Ø Mind-bending enough to give Noam Chomsky material for another hundred years.
Ø Adventure aplenty. Action? Even the punctuation will try to kill you.
Ø This is a frolicsome look at humorous situations filled with funny people. Pretty much a full house in the laugh department.
Sir Terry Pratchett’s Discworld Series/City Watch Arc
Guards! Guards!
Men at Arms
Feet of Clay
Jingo
The Fifth Elephant
Night Watch
Thud!
Snuff
Raising Steam
Ø If this were a game of CLUE, the answer would be Niccolo Machiavelli in Narnia with a Monty Python. Everything you think you know about books with dragons and trolls and dwarves and wizards is expertly ripped to shreds and reassembled as social satire that can save your soul, even if it turns out you don’t really have one. Do not be fooled by the Tolkien chassis – there’s a Vonnegut-class engine at work.

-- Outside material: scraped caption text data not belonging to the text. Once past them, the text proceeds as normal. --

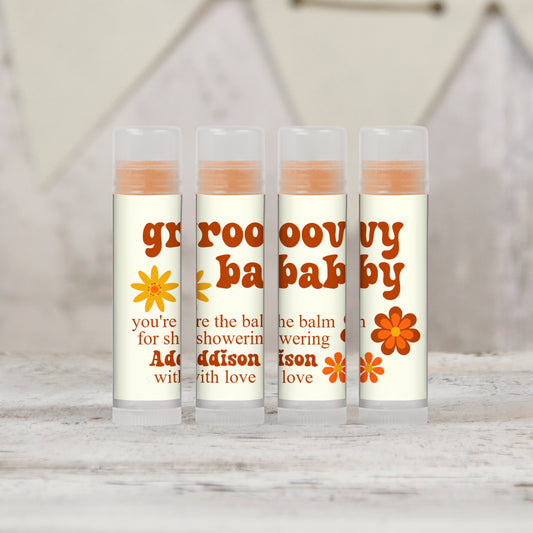 Groovy Baby Shower Favors: Personalized PRINTED Retro Baby Shower Lip Balm Favors LABELS | 70s Nostalgic Baby Shower Favor Ideas [4133]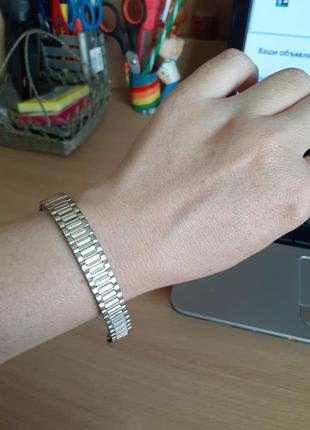 Винтаж! ⚖ никелированный стальной браслет для часов резинка тянется с дужками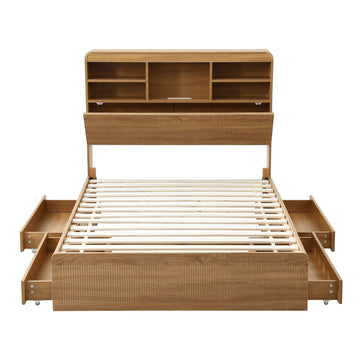 Artiss King Single Bed Frame with Storage, 4 Drawers, USB and Night Light Natural - 0
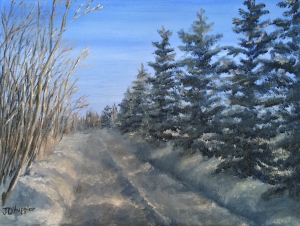Spruce Trees Along a Snowy Road is a 9”x12” original oil on canvas of a tree lined rural road in winter.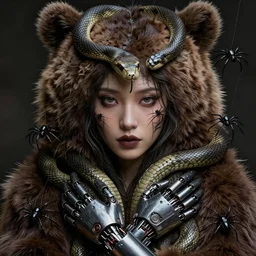 beauty woman wrapped in bear fur, snakes for hair, detailed face, surrounded by spiders, very detailed, dramatic lighting, detailed mechanical hands, electrical details, high details, 4k, 8k, trending on artstation, by Hajime Sorayama and Boris Vallejo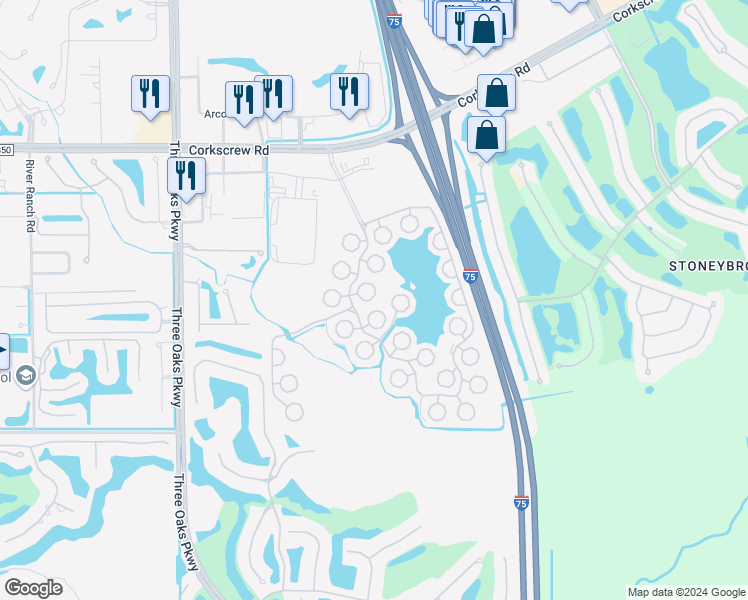 map of restaurants, bars, coffee shops, grocery stores, and more near 10729 San Tropez Circle in Estero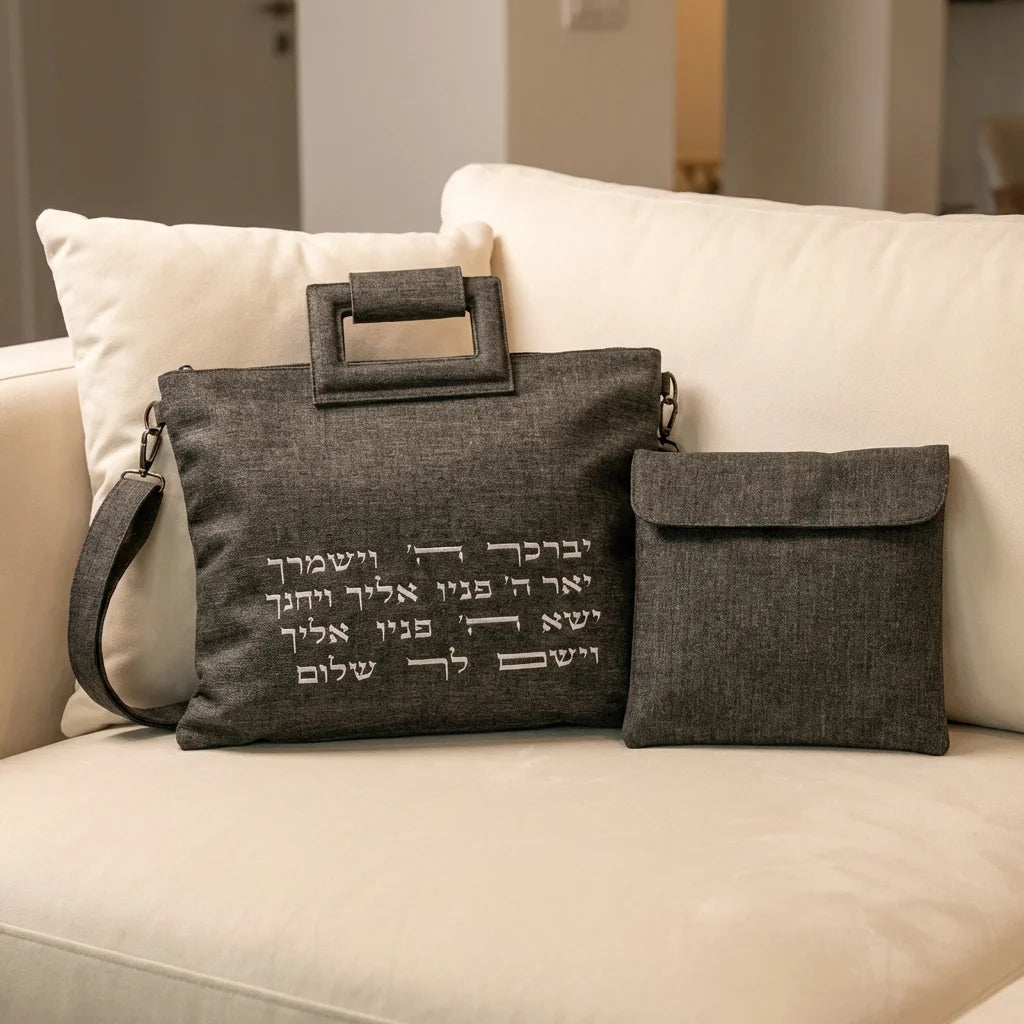 Leatherette Tallit - Tefillin Set 38*31 cm with Bold Embroidery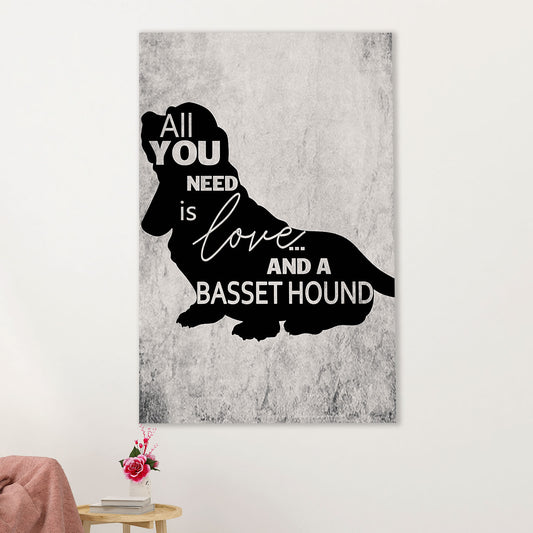 Basset Hound Dog Canvas Wall Art | Lovely Quotes Dog | Gift for Miniature Puppies Lover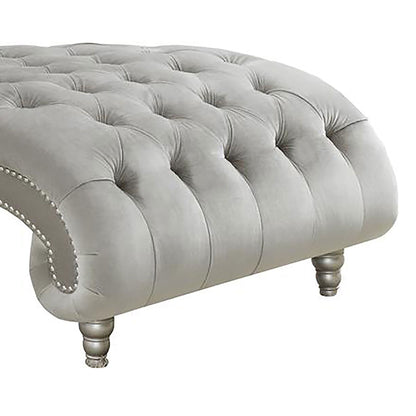 Emilia - Tufted Cushion Chaise With Nailhead Trim Lounge Chair With Accents - Gray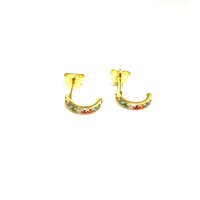 YELLOW GOLD RAINBOW CZ STUD HOOPS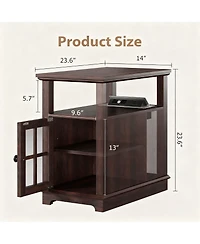 Yigii Adjustable Shelf, Hidden Charging, Multi-Use End Table with storage space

Ø Caution: Ideas in the Mirror Universe May be Larger Than They Appear
Ø The City Watch arc has plenty of thrilling action sequences. Some other of the fifty-million Discworld novels have less. Every one of them is nonstop adventure. Most of the adventure, however, takes the form of characters desperately trying to avoid thrilling action sequences.
Ø Funny? Even though I’ve read every book in the series at least ten times, I still have to make sure I have cold packs on hand in case I laugh so hard I rupture something.